Headteacher Karyn Wiles said: “We are really pleased with the Ofsted grading.

“The inspector was really in awe of what a small school like ours is able to offer the pupils.

“Ofsted like to do subject specific surveys and choose a random sample of schools nationwide.

“Of those they choose one large school and one small school to look at and this time we were picked as the small school.

“We are delighted that they have recognised the quality of teaching we deliver.”

In a letter to the school Mr Padgett said the evidence used to inform the judgement included interviews with staff and pupils, scrutiny of relevant documentation, analysis of pupil’s work and observation of three lessons.

The overall effectiveness of science was rated good, along with achievement, the quality of teaching, the quality of the curriculum and the effectiveness of leadership and management in science.
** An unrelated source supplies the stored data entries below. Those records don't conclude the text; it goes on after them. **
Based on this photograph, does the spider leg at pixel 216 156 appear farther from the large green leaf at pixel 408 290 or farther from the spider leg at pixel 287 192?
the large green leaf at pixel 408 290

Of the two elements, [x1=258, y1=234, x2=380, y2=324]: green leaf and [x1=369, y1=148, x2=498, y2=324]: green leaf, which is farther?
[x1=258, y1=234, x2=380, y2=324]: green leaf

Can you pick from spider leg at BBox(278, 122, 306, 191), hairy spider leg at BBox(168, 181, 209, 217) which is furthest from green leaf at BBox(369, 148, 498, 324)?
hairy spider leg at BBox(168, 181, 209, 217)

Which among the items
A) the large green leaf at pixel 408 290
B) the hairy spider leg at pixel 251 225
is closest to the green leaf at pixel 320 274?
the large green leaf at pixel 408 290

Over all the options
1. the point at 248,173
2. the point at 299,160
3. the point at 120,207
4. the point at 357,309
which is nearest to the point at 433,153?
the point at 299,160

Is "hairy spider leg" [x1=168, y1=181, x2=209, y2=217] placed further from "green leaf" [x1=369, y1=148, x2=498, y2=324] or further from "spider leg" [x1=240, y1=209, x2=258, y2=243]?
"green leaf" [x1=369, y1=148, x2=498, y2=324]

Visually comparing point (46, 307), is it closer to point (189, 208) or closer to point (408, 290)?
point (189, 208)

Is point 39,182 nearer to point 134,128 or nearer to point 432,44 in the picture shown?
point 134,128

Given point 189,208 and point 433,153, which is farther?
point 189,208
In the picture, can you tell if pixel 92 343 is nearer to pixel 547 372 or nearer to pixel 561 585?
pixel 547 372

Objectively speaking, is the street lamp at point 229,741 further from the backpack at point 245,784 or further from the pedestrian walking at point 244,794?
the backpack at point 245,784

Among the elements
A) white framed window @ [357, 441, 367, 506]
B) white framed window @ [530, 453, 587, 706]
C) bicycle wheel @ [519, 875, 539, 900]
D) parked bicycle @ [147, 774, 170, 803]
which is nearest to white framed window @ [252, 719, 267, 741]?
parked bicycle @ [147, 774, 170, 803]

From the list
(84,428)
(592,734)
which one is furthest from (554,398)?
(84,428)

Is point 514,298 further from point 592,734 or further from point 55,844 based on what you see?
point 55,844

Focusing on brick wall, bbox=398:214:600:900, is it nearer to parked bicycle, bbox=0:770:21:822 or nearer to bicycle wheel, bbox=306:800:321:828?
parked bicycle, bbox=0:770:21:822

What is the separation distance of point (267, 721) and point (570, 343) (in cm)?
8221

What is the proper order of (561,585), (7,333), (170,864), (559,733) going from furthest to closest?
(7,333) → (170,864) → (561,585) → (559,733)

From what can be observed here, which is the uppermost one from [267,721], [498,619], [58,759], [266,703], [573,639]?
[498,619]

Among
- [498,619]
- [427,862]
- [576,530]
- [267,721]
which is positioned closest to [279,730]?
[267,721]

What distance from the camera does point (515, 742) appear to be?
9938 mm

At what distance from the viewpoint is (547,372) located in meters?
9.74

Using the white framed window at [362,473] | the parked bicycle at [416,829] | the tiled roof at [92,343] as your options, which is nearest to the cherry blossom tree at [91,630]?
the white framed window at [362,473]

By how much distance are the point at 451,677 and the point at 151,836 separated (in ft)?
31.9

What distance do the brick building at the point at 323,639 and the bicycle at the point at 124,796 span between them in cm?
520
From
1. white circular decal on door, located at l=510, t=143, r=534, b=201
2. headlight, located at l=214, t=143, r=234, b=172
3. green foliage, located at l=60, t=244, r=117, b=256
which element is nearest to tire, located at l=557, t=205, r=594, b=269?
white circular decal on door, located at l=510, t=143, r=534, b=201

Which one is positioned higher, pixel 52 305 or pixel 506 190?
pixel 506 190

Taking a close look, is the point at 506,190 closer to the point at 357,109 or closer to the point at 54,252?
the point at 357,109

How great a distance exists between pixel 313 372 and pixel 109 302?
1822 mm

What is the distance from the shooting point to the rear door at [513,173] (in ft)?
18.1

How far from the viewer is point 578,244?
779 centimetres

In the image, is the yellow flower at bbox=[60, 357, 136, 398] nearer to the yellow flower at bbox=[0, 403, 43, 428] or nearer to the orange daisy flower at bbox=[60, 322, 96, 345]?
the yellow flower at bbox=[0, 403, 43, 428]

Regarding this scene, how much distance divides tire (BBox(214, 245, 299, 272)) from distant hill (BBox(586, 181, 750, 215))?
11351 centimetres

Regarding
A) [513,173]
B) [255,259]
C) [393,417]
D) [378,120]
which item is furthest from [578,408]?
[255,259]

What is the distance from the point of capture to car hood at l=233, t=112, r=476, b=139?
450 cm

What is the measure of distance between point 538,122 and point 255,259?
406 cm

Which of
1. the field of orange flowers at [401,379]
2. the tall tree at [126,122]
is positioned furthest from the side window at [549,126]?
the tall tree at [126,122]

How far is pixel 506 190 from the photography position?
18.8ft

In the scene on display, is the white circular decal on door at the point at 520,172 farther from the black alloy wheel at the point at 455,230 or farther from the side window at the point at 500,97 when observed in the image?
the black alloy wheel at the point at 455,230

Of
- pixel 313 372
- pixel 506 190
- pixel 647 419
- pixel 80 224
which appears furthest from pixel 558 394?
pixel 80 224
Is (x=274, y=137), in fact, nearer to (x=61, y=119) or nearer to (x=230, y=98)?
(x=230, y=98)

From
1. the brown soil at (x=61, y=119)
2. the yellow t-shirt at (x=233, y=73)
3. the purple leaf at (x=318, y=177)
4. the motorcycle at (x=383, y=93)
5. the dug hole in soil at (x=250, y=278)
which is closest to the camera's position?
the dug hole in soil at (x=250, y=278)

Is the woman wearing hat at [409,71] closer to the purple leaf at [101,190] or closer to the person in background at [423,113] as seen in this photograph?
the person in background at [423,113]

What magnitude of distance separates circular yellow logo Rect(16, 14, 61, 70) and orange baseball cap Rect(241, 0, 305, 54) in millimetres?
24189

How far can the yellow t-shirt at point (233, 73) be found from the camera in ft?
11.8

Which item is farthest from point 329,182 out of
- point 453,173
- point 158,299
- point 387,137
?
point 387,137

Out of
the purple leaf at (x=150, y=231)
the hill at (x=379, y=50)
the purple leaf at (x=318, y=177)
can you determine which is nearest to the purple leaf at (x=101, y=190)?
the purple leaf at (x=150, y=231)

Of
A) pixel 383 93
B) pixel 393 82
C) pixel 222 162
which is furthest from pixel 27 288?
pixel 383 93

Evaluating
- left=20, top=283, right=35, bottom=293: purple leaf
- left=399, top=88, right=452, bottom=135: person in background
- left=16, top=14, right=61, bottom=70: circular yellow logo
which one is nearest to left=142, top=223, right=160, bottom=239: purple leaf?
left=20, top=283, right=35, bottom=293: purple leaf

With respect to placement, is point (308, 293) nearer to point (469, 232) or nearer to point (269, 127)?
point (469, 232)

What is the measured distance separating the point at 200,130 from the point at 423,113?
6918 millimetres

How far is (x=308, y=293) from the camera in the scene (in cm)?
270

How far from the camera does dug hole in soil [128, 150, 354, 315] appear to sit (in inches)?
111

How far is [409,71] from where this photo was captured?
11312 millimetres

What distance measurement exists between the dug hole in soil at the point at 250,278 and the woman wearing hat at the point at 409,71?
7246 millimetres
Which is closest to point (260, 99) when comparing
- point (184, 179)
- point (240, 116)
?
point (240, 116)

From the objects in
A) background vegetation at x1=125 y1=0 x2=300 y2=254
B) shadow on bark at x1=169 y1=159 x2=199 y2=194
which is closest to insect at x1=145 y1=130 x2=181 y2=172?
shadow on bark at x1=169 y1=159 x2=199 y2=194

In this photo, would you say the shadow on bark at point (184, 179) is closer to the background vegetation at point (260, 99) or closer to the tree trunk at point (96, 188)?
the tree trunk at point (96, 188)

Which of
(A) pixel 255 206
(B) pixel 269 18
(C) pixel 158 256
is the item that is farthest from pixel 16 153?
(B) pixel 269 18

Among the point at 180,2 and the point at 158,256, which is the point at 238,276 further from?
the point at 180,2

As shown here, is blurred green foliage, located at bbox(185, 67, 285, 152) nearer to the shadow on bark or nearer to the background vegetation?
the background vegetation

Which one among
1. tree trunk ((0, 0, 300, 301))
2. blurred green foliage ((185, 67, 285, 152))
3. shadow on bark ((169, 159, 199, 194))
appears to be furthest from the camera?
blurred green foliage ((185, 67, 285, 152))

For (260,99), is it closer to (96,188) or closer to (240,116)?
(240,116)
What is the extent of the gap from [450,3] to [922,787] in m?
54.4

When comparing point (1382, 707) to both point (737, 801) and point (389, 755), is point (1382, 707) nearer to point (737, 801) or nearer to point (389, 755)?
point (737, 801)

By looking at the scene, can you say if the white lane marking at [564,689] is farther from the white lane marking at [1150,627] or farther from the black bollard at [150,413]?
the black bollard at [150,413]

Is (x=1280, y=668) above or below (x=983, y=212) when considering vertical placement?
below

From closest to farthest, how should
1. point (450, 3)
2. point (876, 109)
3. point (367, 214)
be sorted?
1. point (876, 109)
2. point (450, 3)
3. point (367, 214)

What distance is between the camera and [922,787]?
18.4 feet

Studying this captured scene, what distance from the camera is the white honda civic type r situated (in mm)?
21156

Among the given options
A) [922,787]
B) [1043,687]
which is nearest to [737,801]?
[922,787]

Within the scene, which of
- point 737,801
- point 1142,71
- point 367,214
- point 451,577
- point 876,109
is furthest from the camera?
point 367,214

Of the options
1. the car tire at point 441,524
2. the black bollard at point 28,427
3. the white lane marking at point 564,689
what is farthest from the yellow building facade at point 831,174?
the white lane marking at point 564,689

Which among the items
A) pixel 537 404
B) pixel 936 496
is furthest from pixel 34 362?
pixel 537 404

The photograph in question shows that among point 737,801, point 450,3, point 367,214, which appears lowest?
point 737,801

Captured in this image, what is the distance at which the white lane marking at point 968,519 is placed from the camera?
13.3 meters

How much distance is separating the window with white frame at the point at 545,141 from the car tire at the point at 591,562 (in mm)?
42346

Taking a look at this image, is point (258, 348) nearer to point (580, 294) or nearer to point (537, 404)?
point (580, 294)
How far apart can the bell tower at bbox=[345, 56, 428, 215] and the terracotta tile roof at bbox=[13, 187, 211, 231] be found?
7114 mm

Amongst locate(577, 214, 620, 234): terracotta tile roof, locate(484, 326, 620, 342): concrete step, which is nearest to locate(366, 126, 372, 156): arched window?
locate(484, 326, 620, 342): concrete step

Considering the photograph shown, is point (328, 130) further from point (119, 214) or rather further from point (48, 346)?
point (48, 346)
Mr Padgett’s letter said: “Teaching of an outstanding quality was observed. This was achieved when excellent generic teaching skills were combined with high levels of understanding in science, including the precise use of the language of, in this case, electrical circuits.

“All pupils made at least good progress in this lesson.”

The only area highlighted for improvement was developing teachers’ marking to help pupils identify the next stages in their learning.

Miss Wiles added: “We have a good marking practice with literacy and numeracy and the inspector wanted to see that applied to science as well, which we are already working on.”